Summary of Key Concepts (Condensed)

• Speed vs Velocity:
  • Speed: how fast, magnitude only (scalar).
  • Velocity: how fast and in what direction (vector).
• Acceleration:
  • Rate of change of velocity; can be due to speed changes, direction changes, or both.
  • Positive acceleration speeds up in the same direction; negative acceleration (deceleration) slows down.
• Equations (core toolkit):
  • v = \frac{d}{t}
  • \bar{v} = \frac{D}{\Delta t}
  • \vec{v} = \frac{\Delta \vec{x}}{\Delta t}
  • a = \frac{\Delta v}{\Delta t}
  • d = v_0 t + \tfrac{1}{2} a t^2 (general)
  • d = \tfrac{1}{2} a t^2 (from rest)
  • v = v_0 + a t
  • For gravity: v = g t, \quad d = \tfrac{1}{2} g t^2, \quad g \approx 9.8\ \text{m/s}^2
  • Hang time for a jump: T = 2\sqrt{\frac{2h}{g}}
• Conceptual links to real-world relevance:
  • All motion is described relative to a reference frame; no absolute motion.
  • Real-world motion often involves curved paths where velocity changes even if speed is constant.
  • Understanding these concepts helps in sports, driving, aviation, and physics analysis of everyday phenomena.

Quick Practice Prompts (from the transcript prompts)

• A) If a car moves with an average speed of $50$ km/h for $1$ hour, what distance does it travel? If the average speed is the same for $4$ hours, what distance?
• B) Does a constant speedometer reading imply constant speed or constant velocity?
• C) On a horizontal track, two cars moving with the same speed but opposite directions have what relation between their velocities?
• D) If air resistance is neglected, what is the acceleration of a freely falling object on Earth?
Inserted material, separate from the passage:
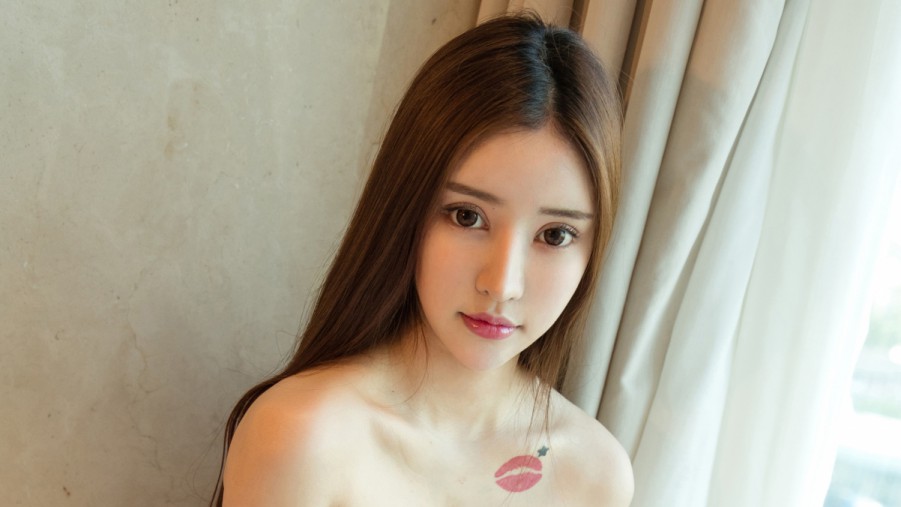 泉州特色消暑小吃：“古早”味美食 让你冰凉一下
How does it change with time?
• E) How is hang time related to jump height and gravity?
• F) Given a height $h$, derive the time to reach the peak and the total hang time for vertical motion under gravity.

Appendix: Notation and Key Tables (as referenced)

• Table 3.1: Approximate speeds in different units (illustrative values listed in the text).
• Table 3.2: Instantaneous speed for freely falling object at 1-second intervals (speeds increase by about 10 m/s every second when g ≈ 10 m/s²).
• Table 3.3: Distance fallen in free fall for successive seconds (e.g., 1 s → 5 m, 2 s → 20 m, 3 s → 45 m, 4 s → 80 m, 5 s → 125 m, etc.).
• Note: In practice, more precise calculations use $g = 9.8\ \text{m/s}^2$, but $g = 10\ \text{m/s}^2$ is used for clarity in many demonstrations.

Note on Real-World Relevance and Ethics

• The historical discussion of Galileo and his conflict with the Church underscores the ethical dimensions of science: the pursuit of knowledge can challenge established doctrine, and evidence must guide belief.
• The concept of relative motion is foundational for technologies such as GPS, aerospace navigation, and any system that uses reference frames.
• Understanding acceleration and free fall informs safety features (airbags, braking systems, skydiver safety) and helps interpret sports performance and design.